Following their previous success, Schmidt (Hill) and Jenko (Tatum) are back on the streets chasing narcotics. However, after failing in the pursuit of a group of drug dealers, their Deputy Chief puts them back on the program to work for Captain Dickson (Ice Cube). Their assignment is to go undercover as college students and locate the supplier of a drug known as “WHYPHY” that killed a student who was photographed while buying it on campus.
When “21 Jump Street” debuted in 2012, it was almost guaranteed to crash and burn. A film based on a sort-of popular 1987 television show starring the guy from “Superbad” and the guy from “Step Up” didn’t inspire much confidence.
However, thanks to a strong, meta and funny script, hilarious performances from its stars and cameos, and the savviness of Phil Lord and Chris Miller (previously of “Clone High” and “Cloudy With A Chance Of Meatballs”), the film exceeded expectations and proved to be a very deft comedy.
Now, two years later we have a seemingly inexplicable and superfluous sequel.
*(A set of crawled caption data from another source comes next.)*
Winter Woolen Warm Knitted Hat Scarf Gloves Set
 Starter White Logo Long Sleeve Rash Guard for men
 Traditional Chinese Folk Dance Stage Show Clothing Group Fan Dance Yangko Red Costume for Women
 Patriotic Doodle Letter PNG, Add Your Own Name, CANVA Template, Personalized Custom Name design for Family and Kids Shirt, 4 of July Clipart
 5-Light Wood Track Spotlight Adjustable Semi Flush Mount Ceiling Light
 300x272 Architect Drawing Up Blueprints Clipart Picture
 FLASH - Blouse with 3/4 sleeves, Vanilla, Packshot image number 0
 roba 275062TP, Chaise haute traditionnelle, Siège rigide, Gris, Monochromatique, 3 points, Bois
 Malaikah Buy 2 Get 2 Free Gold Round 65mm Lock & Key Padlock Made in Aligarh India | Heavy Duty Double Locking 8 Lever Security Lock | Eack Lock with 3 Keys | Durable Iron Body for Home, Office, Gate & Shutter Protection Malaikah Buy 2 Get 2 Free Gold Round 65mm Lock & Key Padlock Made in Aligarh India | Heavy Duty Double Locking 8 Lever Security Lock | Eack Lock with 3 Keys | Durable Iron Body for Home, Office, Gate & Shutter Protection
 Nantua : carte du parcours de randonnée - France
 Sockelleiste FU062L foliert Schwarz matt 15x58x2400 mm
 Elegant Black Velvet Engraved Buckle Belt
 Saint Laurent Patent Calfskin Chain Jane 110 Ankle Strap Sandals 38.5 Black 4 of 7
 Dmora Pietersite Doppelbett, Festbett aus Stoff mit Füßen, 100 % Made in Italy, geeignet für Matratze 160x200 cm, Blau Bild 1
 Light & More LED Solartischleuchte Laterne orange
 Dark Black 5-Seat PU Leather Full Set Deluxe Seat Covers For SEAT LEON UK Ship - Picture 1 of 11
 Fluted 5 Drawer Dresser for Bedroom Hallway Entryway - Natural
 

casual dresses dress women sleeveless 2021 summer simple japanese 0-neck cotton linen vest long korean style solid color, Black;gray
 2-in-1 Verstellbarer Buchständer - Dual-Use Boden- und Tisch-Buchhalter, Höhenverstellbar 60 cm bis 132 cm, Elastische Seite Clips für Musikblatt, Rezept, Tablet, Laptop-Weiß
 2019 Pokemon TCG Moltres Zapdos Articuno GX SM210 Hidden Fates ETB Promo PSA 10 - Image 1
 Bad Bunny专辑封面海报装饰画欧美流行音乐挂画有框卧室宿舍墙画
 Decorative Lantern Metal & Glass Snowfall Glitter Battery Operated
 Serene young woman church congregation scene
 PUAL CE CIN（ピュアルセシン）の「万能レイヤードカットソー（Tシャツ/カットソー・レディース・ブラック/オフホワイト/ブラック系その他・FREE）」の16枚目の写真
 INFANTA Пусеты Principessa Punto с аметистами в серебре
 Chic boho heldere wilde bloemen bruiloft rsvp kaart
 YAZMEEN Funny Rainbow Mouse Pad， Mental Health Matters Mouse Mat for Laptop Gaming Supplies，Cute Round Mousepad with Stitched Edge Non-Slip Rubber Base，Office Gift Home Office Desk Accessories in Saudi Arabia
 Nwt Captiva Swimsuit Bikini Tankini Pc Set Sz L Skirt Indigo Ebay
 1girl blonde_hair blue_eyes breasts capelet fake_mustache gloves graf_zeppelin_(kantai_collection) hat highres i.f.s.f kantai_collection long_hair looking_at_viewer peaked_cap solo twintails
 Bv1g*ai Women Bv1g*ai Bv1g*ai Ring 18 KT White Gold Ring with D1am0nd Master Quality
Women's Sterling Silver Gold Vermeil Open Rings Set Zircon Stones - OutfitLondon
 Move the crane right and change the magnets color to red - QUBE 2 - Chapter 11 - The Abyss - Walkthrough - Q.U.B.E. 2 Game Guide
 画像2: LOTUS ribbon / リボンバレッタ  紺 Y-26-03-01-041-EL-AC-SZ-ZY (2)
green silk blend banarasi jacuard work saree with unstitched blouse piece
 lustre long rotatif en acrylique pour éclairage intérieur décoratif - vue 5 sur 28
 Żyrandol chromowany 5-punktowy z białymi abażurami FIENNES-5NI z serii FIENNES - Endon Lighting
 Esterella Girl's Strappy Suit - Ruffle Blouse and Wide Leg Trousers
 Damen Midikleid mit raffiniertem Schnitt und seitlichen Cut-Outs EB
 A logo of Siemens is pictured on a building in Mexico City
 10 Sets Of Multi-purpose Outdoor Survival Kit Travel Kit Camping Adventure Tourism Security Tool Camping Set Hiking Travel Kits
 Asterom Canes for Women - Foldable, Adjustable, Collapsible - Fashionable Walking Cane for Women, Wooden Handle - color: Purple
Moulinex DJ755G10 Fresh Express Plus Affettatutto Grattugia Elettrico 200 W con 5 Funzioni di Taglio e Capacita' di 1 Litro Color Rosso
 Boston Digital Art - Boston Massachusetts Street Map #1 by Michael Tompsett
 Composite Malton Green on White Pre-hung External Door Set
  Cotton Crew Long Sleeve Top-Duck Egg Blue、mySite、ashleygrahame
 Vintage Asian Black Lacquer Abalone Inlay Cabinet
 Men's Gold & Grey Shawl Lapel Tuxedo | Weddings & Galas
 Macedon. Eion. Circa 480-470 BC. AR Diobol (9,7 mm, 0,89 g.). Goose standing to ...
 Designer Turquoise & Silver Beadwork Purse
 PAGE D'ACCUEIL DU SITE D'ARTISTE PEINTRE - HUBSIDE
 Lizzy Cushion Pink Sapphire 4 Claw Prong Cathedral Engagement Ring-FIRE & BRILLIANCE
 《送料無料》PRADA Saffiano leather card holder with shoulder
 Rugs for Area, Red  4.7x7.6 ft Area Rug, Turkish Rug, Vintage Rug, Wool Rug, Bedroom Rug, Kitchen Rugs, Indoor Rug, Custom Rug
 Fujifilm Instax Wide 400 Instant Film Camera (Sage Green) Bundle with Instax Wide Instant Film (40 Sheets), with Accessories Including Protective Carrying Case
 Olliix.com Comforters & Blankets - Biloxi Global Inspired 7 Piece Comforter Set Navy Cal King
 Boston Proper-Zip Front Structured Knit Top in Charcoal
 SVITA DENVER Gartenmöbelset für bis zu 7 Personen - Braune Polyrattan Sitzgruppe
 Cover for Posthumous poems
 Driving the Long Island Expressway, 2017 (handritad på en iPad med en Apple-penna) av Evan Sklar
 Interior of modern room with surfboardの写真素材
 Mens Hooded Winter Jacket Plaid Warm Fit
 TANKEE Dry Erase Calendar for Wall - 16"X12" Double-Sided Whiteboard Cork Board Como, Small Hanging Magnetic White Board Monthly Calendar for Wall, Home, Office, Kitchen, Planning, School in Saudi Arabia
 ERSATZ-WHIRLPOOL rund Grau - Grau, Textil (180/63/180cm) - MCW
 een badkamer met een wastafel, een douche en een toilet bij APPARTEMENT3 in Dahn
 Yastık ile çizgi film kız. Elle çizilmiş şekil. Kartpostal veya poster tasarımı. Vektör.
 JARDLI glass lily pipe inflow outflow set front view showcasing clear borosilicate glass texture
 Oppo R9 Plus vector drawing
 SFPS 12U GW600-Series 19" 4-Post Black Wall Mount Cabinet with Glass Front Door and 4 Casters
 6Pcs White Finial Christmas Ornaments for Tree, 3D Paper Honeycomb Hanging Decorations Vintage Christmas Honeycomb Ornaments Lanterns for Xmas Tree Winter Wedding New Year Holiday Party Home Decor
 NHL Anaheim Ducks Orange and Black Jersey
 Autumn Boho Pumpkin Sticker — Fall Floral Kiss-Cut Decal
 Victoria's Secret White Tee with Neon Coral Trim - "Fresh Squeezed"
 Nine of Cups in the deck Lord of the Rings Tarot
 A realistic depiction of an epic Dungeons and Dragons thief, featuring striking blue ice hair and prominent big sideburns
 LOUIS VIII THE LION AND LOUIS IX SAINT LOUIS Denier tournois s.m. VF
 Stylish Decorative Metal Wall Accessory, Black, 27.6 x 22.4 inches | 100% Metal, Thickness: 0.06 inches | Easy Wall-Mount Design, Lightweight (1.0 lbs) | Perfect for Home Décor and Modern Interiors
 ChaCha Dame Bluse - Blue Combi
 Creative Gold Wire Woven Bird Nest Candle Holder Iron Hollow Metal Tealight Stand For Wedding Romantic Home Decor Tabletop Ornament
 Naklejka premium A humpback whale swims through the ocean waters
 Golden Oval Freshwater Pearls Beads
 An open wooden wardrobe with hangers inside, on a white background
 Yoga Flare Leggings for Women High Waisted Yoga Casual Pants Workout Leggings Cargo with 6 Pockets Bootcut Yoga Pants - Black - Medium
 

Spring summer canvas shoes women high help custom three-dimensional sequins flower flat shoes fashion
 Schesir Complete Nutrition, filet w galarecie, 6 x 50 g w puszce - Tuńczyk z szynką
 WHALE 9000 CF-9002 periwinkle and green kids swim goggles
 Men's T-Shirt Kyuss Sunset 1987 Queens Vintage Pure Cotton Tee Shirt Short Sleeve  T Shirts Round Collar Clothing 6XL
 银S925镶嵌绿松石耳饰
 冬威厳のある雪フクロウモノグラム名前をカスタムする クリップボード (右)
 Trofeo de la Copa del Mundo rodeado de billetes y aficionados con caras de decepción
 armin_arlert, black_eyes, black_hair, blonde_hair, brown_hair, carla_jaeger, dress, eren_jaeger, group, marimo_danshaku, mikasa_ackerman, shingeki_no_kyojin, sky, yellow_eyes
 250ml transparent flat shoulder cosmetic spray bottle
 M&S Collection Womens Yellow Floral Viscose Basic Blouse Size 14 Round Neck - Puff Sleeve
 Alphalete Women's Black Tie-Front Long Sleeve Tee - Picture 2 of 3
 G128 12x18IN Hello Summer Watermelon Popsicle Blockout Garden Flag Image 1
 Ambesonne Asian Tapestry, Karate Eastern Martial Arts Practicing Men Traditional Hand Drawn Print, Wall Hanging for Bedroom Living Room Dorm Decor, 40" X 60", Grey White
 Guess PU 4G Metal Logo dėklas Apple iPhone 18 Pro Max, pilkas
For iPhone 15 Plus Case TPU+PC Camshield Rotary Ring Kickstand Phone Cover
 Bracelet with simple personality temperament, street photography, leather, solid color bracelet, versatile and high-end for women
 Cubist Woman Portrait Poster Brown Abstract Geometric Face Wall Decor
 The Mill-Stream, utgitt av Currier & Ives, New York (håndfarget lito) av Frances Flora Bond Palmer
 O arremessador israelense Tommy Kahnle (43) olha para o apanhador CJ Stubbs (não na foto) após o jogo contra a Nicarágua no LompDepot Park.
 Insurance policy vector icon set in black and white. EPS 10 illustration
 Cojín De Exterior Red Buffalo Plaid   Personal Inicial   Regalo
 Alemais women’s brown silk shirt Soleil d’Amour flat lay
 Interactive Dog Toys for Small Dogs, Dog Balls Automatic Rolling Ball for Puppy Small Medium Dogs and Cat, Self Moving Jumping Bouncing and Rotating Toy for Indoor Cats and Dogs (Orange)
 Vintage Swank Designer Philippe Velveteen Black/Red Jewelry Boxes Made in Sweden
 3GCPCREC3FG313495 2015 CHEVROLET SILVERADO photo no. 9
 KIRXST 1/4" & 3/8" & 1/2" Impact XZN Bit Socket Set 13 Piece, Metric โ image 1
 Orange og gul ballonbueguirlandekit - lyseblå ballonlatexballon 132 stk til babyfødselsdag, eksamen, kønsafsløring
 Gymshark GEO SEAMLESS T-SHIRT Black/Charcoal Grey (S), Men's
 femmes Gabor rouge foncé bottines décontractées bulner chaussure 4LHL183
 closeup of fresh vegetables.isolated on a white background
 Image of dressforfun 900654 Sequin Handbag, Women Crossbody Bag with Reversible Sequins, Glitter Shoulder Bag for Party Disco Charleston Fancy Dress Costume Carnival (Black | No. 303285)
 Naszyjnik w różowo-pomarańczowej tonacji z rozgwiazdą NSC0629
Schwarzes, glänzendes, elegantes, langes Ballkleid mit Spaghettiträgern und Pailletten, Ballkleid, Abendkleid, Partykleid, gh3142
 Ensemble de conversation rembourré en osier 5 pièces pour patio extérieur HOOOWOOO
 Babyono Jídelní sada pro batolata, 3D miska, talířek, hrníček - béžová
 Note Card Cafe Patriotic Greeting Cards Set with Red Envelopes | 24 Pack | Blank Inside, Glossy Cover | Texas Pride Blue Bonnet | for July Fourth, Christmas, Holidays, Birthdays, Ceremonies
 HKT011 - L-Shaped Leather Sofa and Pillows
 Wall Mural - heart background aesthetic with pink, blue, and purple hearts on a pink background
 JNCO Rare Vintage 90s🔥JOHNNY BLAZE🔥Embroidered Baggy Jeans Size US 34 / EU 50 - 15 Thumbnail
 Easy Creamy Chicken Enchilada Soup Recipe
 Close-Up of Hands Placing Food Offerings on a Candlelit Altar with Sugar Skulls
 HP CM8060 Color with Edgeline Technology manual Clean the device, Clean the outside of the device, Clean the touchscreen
Luckily, nobody is more aware of this then the film itself. When Chief Hardy (Nick Offerman) brings Schmidt and Jenko back to the Jump Street project, he points out the fact that when they decided to redo the project the first time it was almost certain to fail, and yet despite everything, it exceeded expectations enough to warrant a return. A return that would go exactly the same as last time but with a much higher budget.
In case you can’t tell already, “22 Jump Street” is a film about sequels and how sequels work. Schmidt and Jenko want to go in to do things differently but the universe conspires to make it the same.
The film follows the two going to college where Jenko quickly makes friends with a jock named Zook (Wyatt Russell), who’s a prime suspect of the investigation, while also becoming a star on the football field. Meanwhile, Schmidt gets the attention of an art student, Maya (Amber Stevens), by feigning an interest in slam poetry. In the midst of the case, the two find themselves separating, with Schmidt unable to deal with it well.
“22 Jump Street” succeeds from performances and boasts a script that’s tighter, funnier and more exhilarating than the first film. Hill and Tatum are charismatic and have incredible chemistry while the background players contribute well to the fun atmosphere. The cameos in the film are brilliant and its meta-commentary on the sequel itself are smart and hilarious.
The film is a rare fantastic sequel: one that knows how to capitalize on the first while being just as good if not better — and it is bound to be one of the best films of the summer.
22 Jumpstreet opens today in theaters everywhere.